The idea for this post came to me as I was interviewing a potential candidate to join our grade 2 team for the 2016/2017 school year. The question asked was something along the lines of “talk about differentiation” in your classroom. Her response was around creating dynamic groupings, and meeting students at their zone of proximal development.
This got me thinking … differentiation is all fine and well in theory but much harder to accomplish successfully in the reality of a typical teaching day. So I thought a little more … and came to the conclusion that the Google Drive search feature is a great way of using the power of technology to crunch data to create dynamic groupings.

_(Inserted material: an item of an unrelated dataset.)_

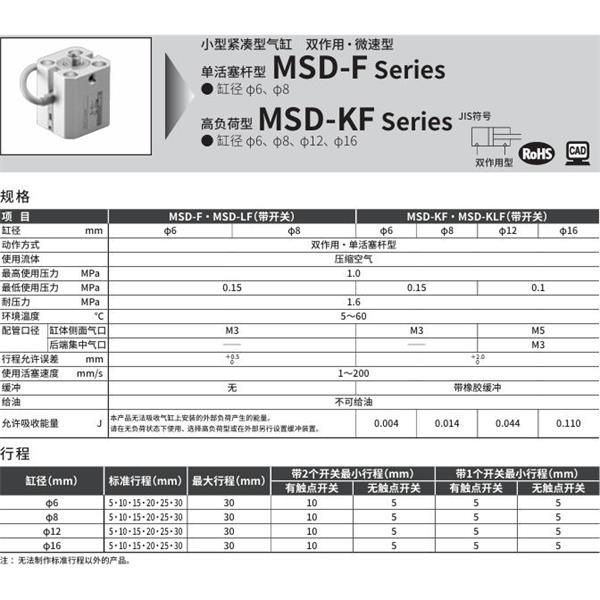 CKD喜開(kāi)理小型帶線性導(dǎo)軌緊湊型氣缸MSDG-LF-12-15-F2V-R-R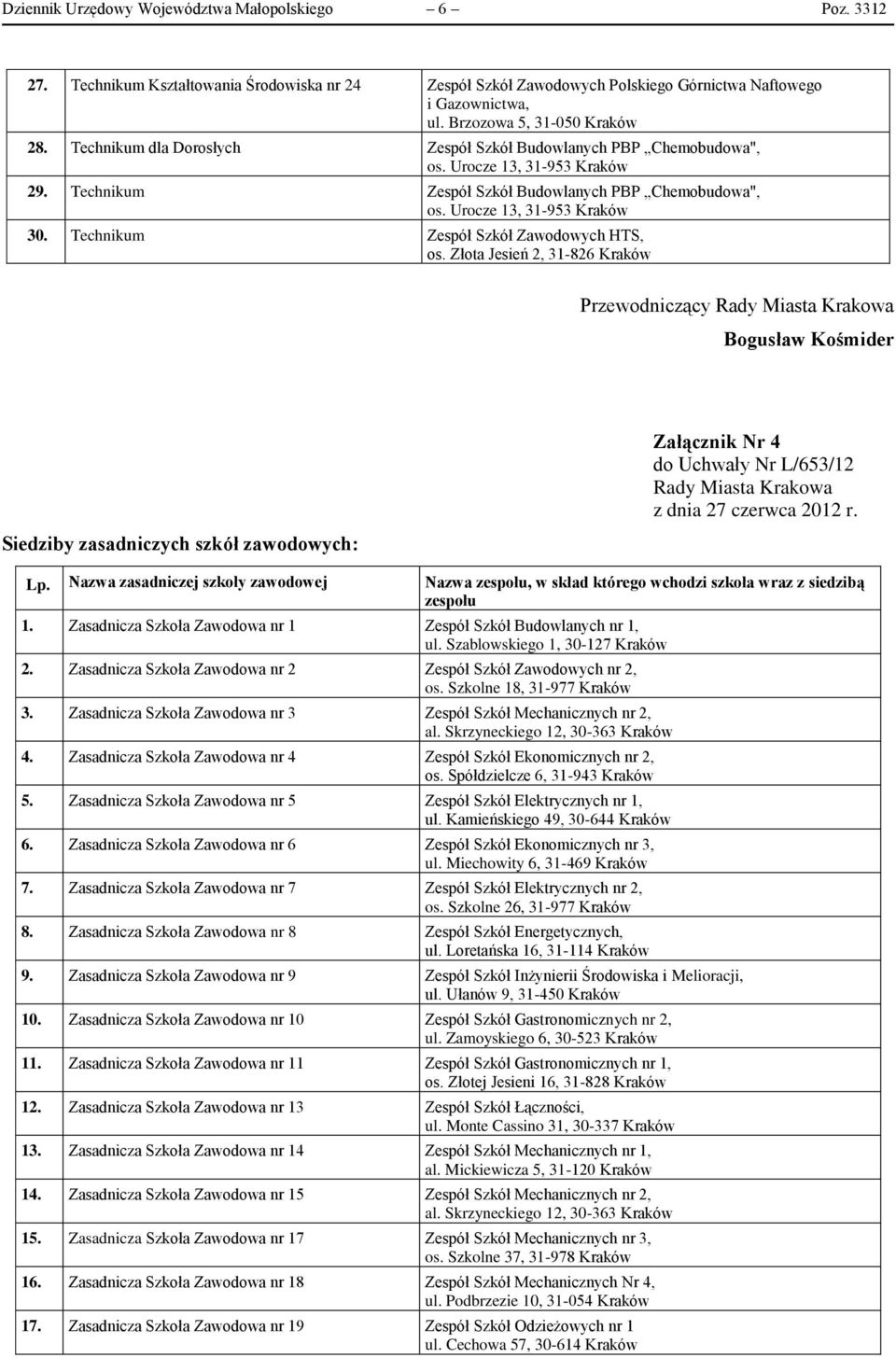 Urocze 13, 31-953 Kraków 30. Technikum Zespół Szkół Zawodowych HTS, Siedziby zasadniczych szkół zawodowych: Załącznik Nr 4 Lp.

Using math as an example, I keep a digital “math” google docs files on each of my students where I note down their areas of growth. So a typical file will include key words like ballpark estimates, place value, double digit addition, etc.
Generally, my math lessons are based around 3 groups rotating every 15-20 minutes. I teach the main lesson and my lovely assistant Ms. Martha then works on individual skills the students still need to develop. Hence, the need for being able to group students based on their needs. Previously Ms. Martha and I would talk about these groupings in advance and set them up for the week, however this would involve either remembering or looking over our anecdotal notes – which takes time, and time is something teachers never seem to have. However, with the power of Google search I can just type in the keyword of what I am looking for, in the example below “double digit addition” and Drive will pull up the Doc files that have this keyword, which basically equates to those students that I need to create a group for.
In theory I can create groups instantaneously! The advantage of grouping using the power of Google Drive is that instruction is targeted to students’ areas of need (think individualized differentiation) and based on data. Groupings can change as often as I can type a search query, which means once students “get it” we can immediately create a new group and move on.
However, there is some prerequisite work that needs to happen in order for the search feature to be successful. First of all, each student needs to have an individually named folder (so you can tell a student’s name from the file name), and then you need to have a set of keywords you will use and be consistent with: so write double digit addition instead of sometimes 2 digit addition and other times multi digit addition etc.
As long as the keywords used for the search are specific enough to be useful I can easily see how this concept can be transferred over into dynamic groupings for reading and writing as well (thinking keywords (or phrases) like track with finger for fluency or back up and re-read for comprehension, or capitalization for writing. You are only limited by your ingenuity in using keywords effectively! Happy Google Drive searching!